### [WORK TO BE COMPLETED]
Nothing but the lines from the one containing "Additional image 14" to the final line of the entries should appear, copied exactly and without pictures.

━━━

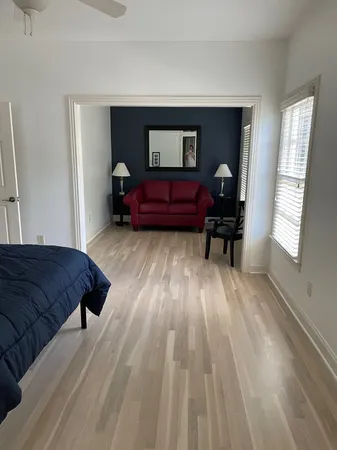 $7,900 | 5 Wild Wing Court, Brentwood, TN 37027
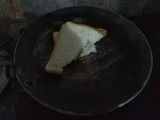 आलू ब्रेड का सैंडविच (aloo bread ka sandwich recipe in Hindi)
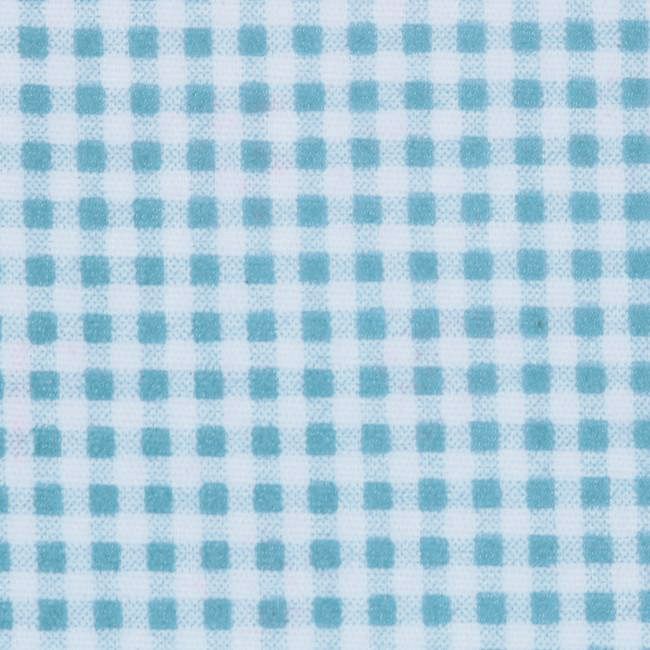 Toile cirée vichy Petit toi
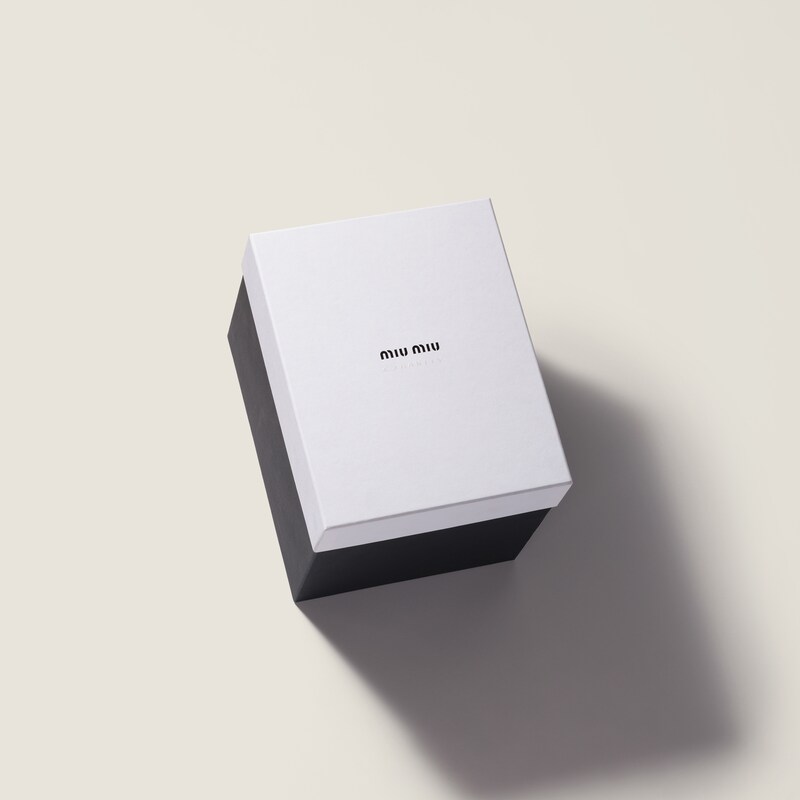 Miu Miu by Oakley头盔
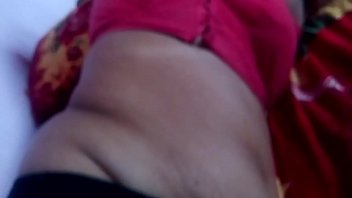 Vid 20151128 142611 thumbnail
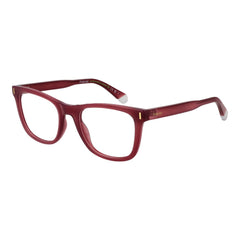 Polaroid Kunststoffbrille (Fassungen), mehrfarbig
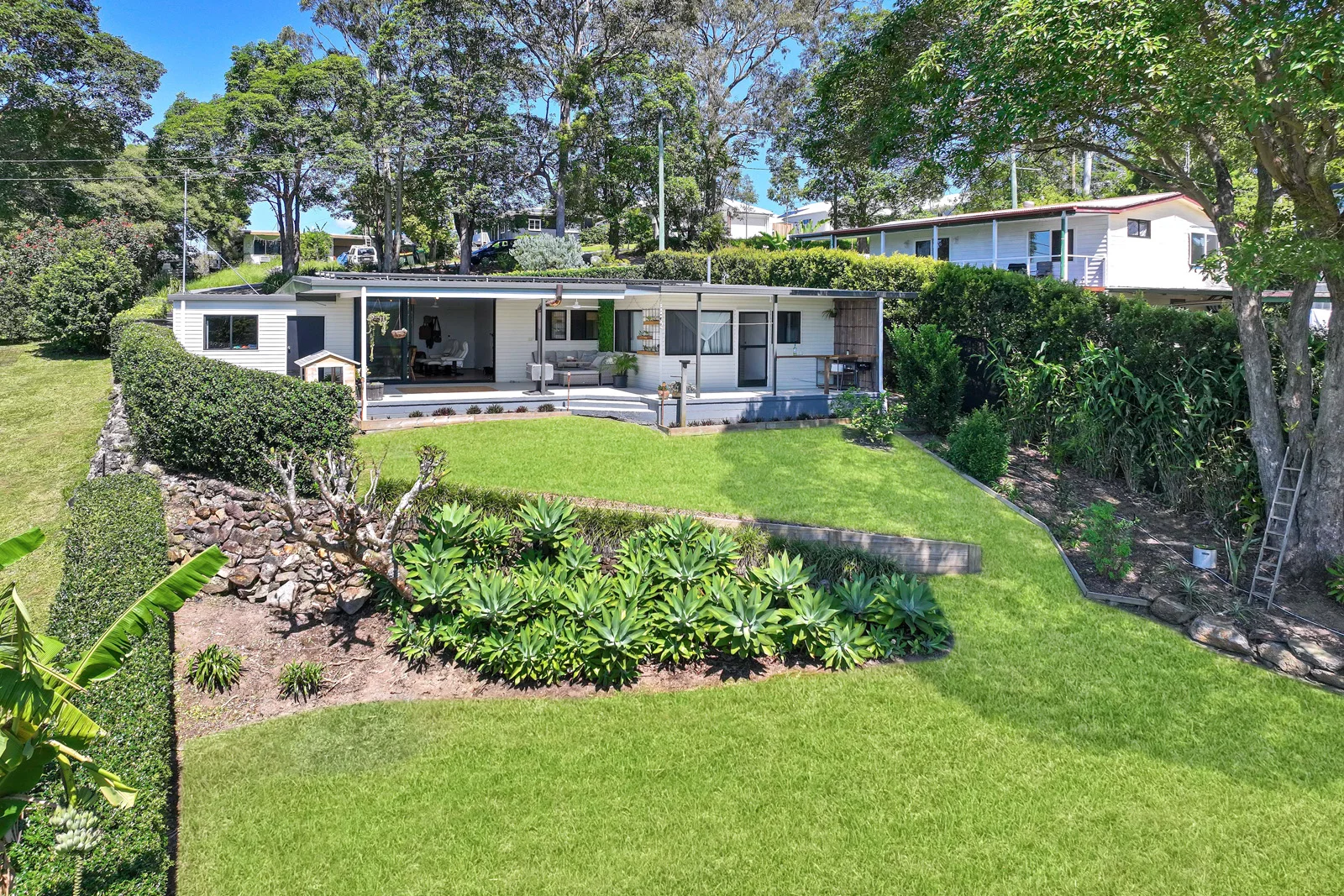 Additional image 14 of 44 OLD GYMPIE ROAD, Yandina QLD 4561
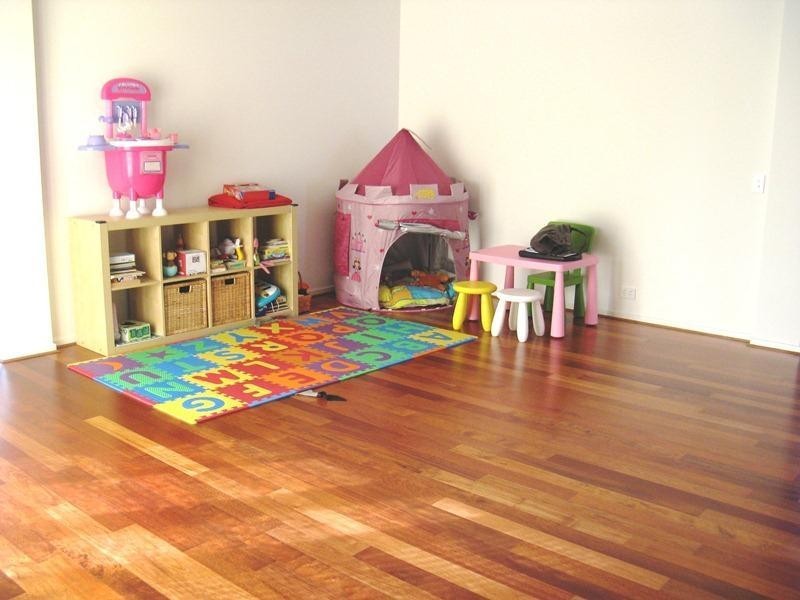 22 Benita Place, Leopold VIC 3224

━━━

### [REPLY]
 Additional image 14 of 44 OLD GYMPIE ROAD, Yandina QLD 4561
 22 Benita Place, Leopold VIC 3224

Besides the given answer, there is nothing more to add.